Problem =
Omit all images, then repeat exactly the lines below from the one containing "1U 500MHz RAL9005" through the one containing "Joys Geburtsgedicht Inspiration Notizblock", both ends included.

Study material =
>>>>
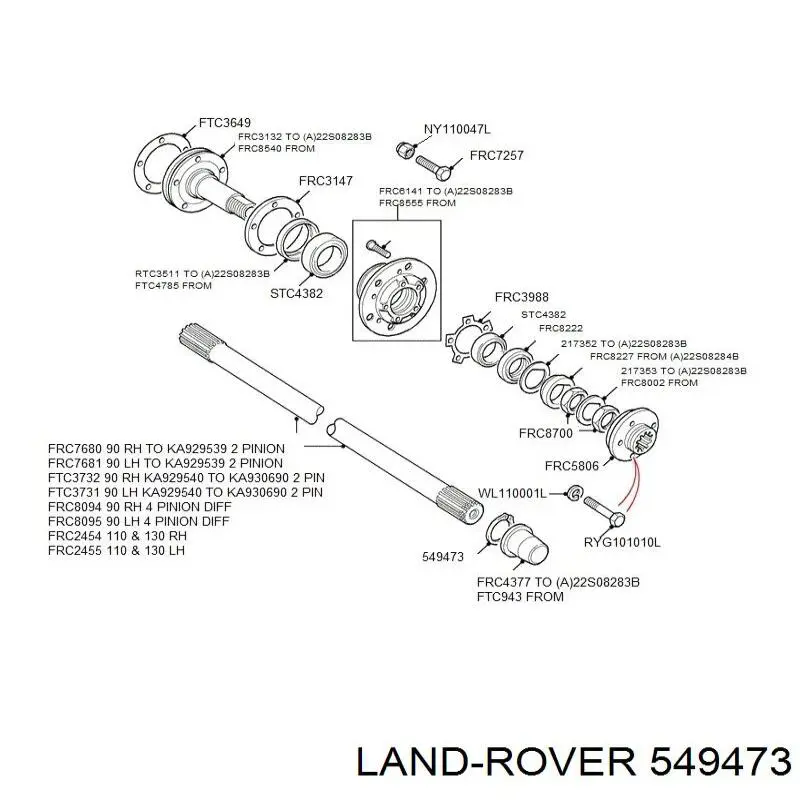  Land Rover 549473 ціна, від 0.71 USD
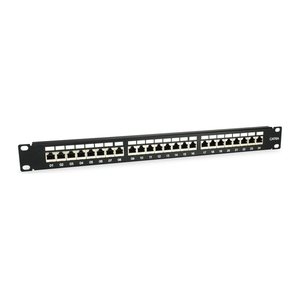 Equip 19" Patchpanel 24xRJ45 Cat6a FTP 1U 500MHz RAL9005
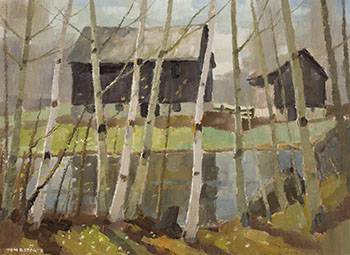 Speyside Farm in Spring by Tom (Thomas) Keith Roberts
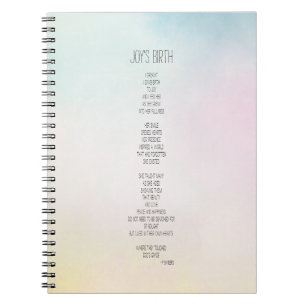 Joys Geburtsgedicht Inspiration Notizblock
<<<<
>>>>
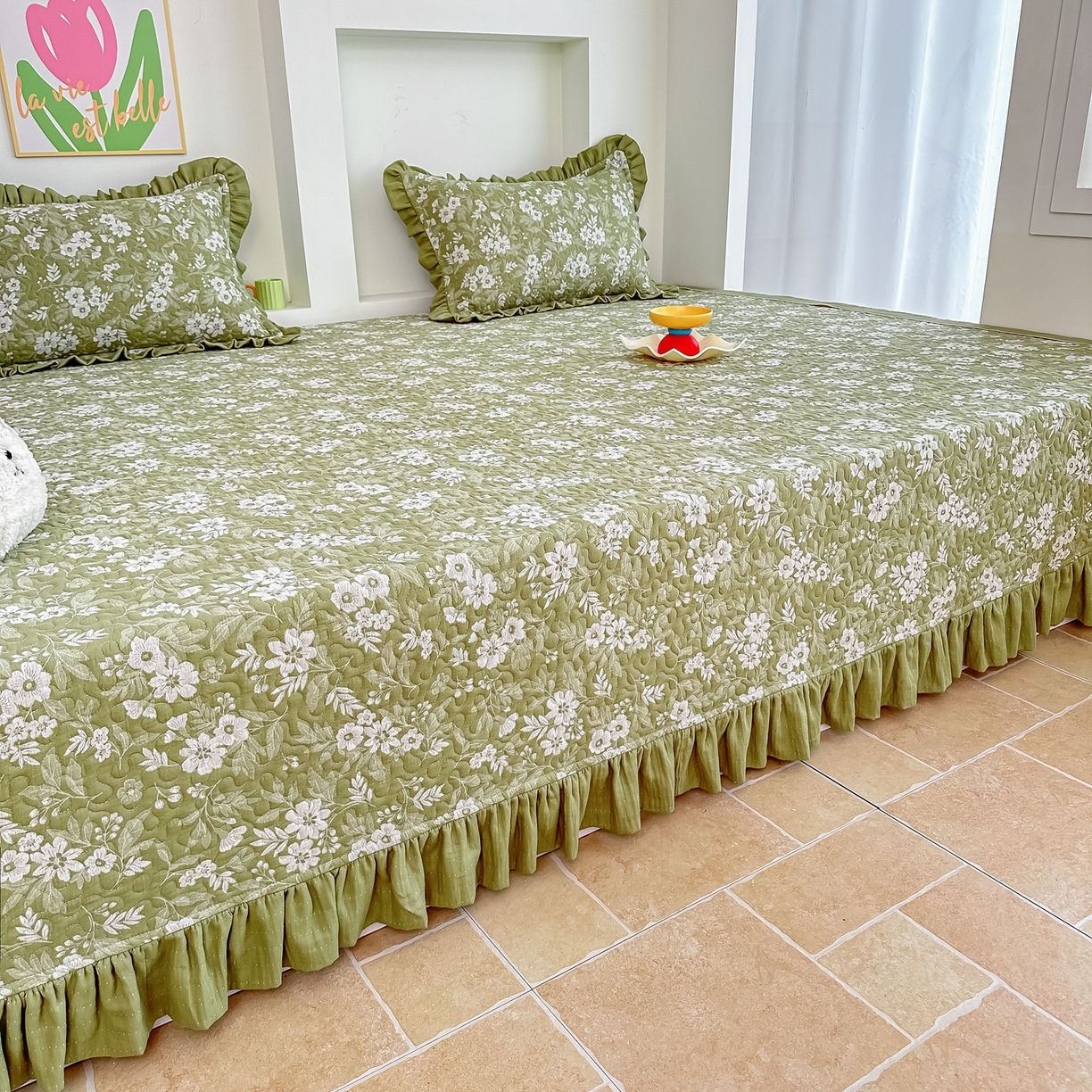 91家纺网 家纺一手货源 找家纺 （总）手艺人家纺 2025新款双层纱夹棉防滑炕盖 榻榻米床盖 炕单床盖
<<<<
Solution below =
 Equip 19" Patchpanel 24xRJ45 Cat6a FTP 1U 500MHz RAL9005
 Speyside Farm in Spring by Tom (Thomas) Keith Roberts
 Joys Geburtsgedicht Inspiration Notizblock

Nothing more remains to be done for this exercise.